The following is a sample format:
A method for making a heat exchanger includes machining a plate of material having a starting thickness and at least one alignment feature. The machining includes machining down the starting thickness to produce a heat exchanger plate having at least one flow passage segment and at least two ribs arranged extending along each side of the at least one flow segment. The at least one alignment feature is removed to provide a trimmed heat exchanger plate and to stack the trimmed heat exchanger plate with a further heat exchanger plate. The at least two ribs are interlocked with ribs of the further heat exchanger plate and the at least one flow segment is aligned with a flow segment of the further heat exchanger plate. The at least two ribs of the trimmed heat exchanger plate and the ribs of the further heat exchanger plate are joined together.
Claim Rejections - 35 USC § 103
In the event the determination of the status of the application as subject to AIA 35 U.S.C. 102 and 103 (or as subject to pre-AIA 35 U.S.C. 102 and 103) is incorrect, any correction of the statutory basis (i.e., changing from AIA to pre-AIA ) for the rejection will not be considered a new ground of rejection if the prior art relied upon, and the rationale supporting the rejection, would be the same under either status.
The following is a quotation of 35 U.S.C. 103 which forms the basis for all obviousness rejections set forth in this Office action:
A patent for a claimed invention may not be obtained, notwithstanding that the claimed invention is not identically disclosed as set forth in section 102, if the differences between the claimed invention and the prior art are such that the claimed invention as a whole would have been obvious before the effective filing date of the claimed invention to a person having ordinary skill in the art to which the claimed invention pertains. Patentability shall not be negated by the manner in which the invention was made.
Claim(s) 1, 7, 8, 11, 13, 17 and 20 is/are rejected under 35 U.S.C. 103 as being unpatentable over Stancliffe (US 1,662,870) in view of Hudson et al. (US 7,441,331, hereinafter “Hudson”).
As applied to claims 1, 7 and 13, Stancliffe teaches a method for making a heat exchanger, the method comprising steps of machining a plate of material having a starting thickness, the machining comprising machining down the starting thickness to produce a heat exchanger plate having at least one flow passage segment, and at least two ribs arranged extending along each side of the at least one flow segment; provide a trimmed heat exchanger plate; stacking the trimmed heat exchanger plate with a further heat exchanger plate with the at least two ribs interlocked with ribs of the further heat exchanger plate, and the at least one flow segment aligned with a flow segment of the further heat exchanger plate; and joining the at least two ribs of the trimmed heat exchanger plate and the ribs of the further heat exchanger plate together (specification, page 1, left column, lines 1-25, Figs. 3 and 6).

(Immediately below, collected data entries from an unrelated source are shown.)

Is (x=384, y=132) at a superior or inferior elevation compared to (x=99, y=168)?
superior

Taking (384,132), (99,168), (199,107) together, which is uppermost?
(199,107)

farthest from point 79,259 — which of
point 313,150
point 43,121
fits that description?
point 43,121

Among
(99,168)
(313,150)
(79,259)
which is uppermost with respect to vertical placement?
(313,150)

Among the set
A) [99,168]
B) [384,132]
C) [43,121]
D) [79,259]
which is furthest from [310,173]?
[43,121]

Although Stancliffe teaches that the machining step produces the at least one flow passage segment and the at least two ribs arranged extending along each side of the at least one flow segment, however, does not explicitly teach an excess material extending in at least one dimension lying in a plane of the plate of the heat exchanger and beyond the at least one flow passage segment and at least two ribs to define at least one alignment feature and that the at least one alignment feature, after machining and forming the passages and ribs, is removed by removing the excess material (as in claim 1); that the machining is done by wire EDM (as in claim 7); and that the at least one alignment feature comprises a hole passing through the excess material (as in claim 13).

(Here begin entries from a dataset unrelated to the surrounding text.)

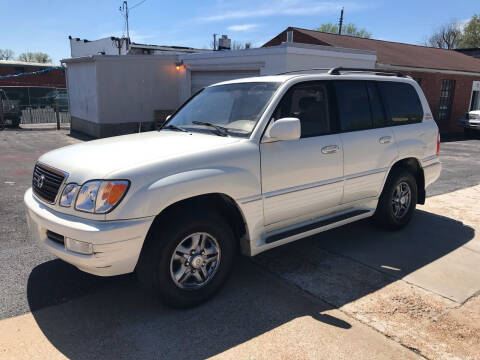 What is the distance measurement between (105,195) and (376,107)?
11.1 feet

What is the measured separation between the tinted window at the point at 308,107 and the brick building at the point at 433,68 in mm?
12957

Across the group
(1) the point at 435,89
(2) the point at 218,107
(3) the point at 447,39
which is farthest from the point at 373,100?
(3) the point at 447,39

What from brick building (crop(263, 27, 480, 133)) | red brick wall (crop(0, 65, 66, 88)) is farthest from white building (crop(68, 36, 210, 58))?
brick building (crop(263, 27, 480, 133))

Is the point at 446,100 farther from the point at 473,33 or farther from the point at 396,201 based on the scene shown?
the point at 473,33

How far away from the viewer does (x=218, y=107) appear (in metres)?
4.26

Hudson teaches that it is well-known in the machining art to provide at least one alignment feature in form of holes (i.e., drilled holes 24, 26, 28, and 30, col. 3, lines 23-36, Fig. 1) in a precursor block (20) for facilitating the machining (cutting by wire EDM) while the block is registered in a cutting fixture via the drilled holes (col. 3, lines 37-40). Hudson further teaches that the finished component formed by cutting the precursor block includes flow passages (cooling circuits 100 and 120 including channels 110, 112) and that the alignment features (registration holes 24, 26, 28, 30) are located in an excess material extending away, in at least one dimension lying on a plane of the component (outer exterior plane Fig. 1), from the finished products and away from the flow passages and that the alignment features are further removed and discarded after the finished product is produced (Figs. 2 and 5).
Therefore, it would have been obvious to one of ordinary skill in the art at the time the invention was filed to have incorporated alignment holes in the excess material of the plate material of Stancliffe, as taught by Hudson, as an effective means of facilitating the registration of the material in machining fixture and followed by removing the excess material including the alignment features after the completion of the machining steps, as further taught by Hudson, resulting in formation of precisely sized and located flow passages. It would have been further obvious to use wire EDM for the machining step of Stancliffe, as taught by Hudson, considering the many advantages of wire EDM including high precision, burr-free cuts and minimized material stress. The combined method would have resulted in formation of a heat exchanger component having the precise dimensions and enhanced heat dissipation characteristics based on specific design requirements.
As applied to claim 8, the combination of Stancliffe and Hudson teaches the invention cited. Stancliffe further teaches the machining defines a plurality of machined flow passage segments extending along and defining a flow direction of the heat exchanger plate, wherein the at least two ribs comprise a plurality of ribs defined one on each side of each of the plurality of machined flow passage segments (Figs. 3 and 6).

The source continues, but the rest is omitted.